Fujifilm Corp. said its influenza medicine Avigan is being given to an Ebola patient at a French hospital along with another experimental drug, the latest treatments to be deployed in the global push to curtail the deadly virus.
The French National Agency for Medicines and Health Products Safety asked for the drug and the female patient has been given the combination since Sept. 19, the Japanese company said in a statement Friday.
More than 6,200 people have been infected and 2,900 have died in the ongoing Ebola outbreak in West Africa, and the virus could sicken more than 1.4 million people by January under a worst-case scenario projected by the U.S. Centers for Disease Control and Prevention.
With no approved Ebola medicines, doctors and international agencies have been forced to test experimental drugs.
The Fujifilm treatment, also called Favipiravir, was discovered by Yousuke Furuta at the Toyama Chemical unit of Tokyo-based Fujifilm in 1998. It targets polymerase, an enzyme that viruses use to replicate inside the body, to stop the viruses from spreading.

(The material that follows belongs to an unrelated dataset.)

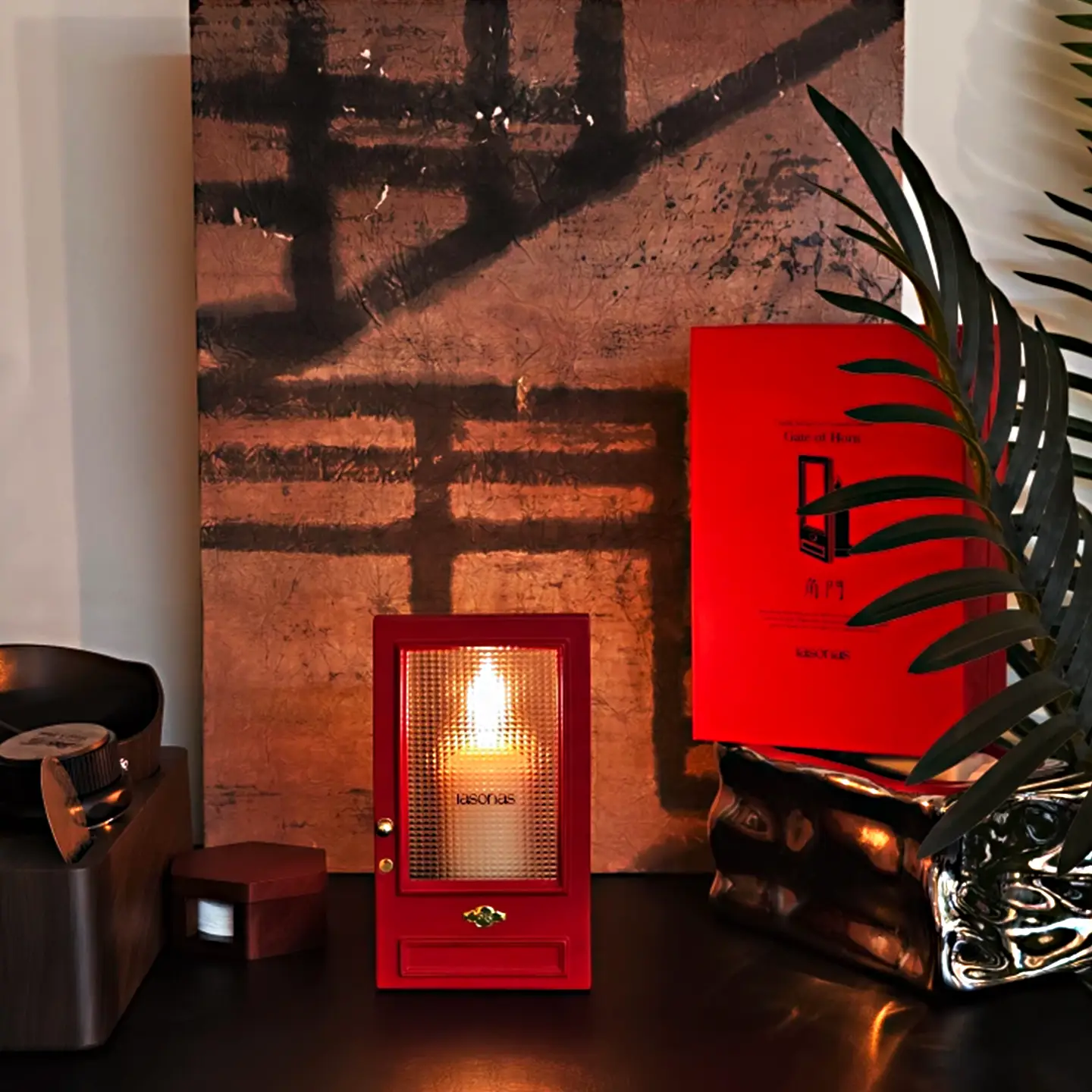 Cinematic red door Candle Holder-Unique & Thoughtful Gifts for Meaningful Moments Cinematic red door Candle Holder-Inspired by The Odyssey, this red gate features a textured optical lens that transforms candlelight into a dreamy, cinematic ripple.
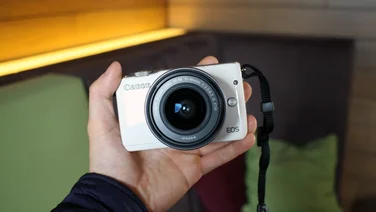Canon EOS M10 front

“We’re getting many requests from other countries, international organizations, and medical organizations as well,” Fujifilm spokesman Takahiro Taguchi said.
As Avigan is originally a flu drug, the company has the capability to produce the drug continuously and deal with a rapid increase in demand, he said. The company has enough stock for 20,000 Ebola patients.
Fujifilm’s U.S. partner, MediVector Inc. in Boston, is in talks with the Food and Drug Administration to submit an application to use the drug in humans for Ebola, a U.S. Department of Defense spokeswoman said in August.
Favipiravir is in the final stages of human studies in the United States as a treatment for flu. A U.S. late-stage trial of the treatment for flu is scheduled to be completed around next March, the company said earlier this year.
The medicine won Japanese approval in March for government stockpiling for pandemic flu. Fujifilm is running a trial and is in discussion with Japanese regulators to get marketing approval to sell it for seasonal influenza, Kouichi Yamada, senior operations manager of Fujifilm’s drug products division, said in an interview in July.
The French woman working for Doctors Without Borders was repatriated from Liberia last week after she became infected, the French Health Ministry said Sept. 17. She’s being treated at a military hospital in Saint-Mande, outside of Paris. Health Minister Marisol Touraine authorized the use of several experimental treatments for Ebola patients, including Avigan, according to a French government decree published Sept. 19.
“The doctors say that the situation is stable, that she’s in good spirits,” Touraine said in an interview on BFM TV.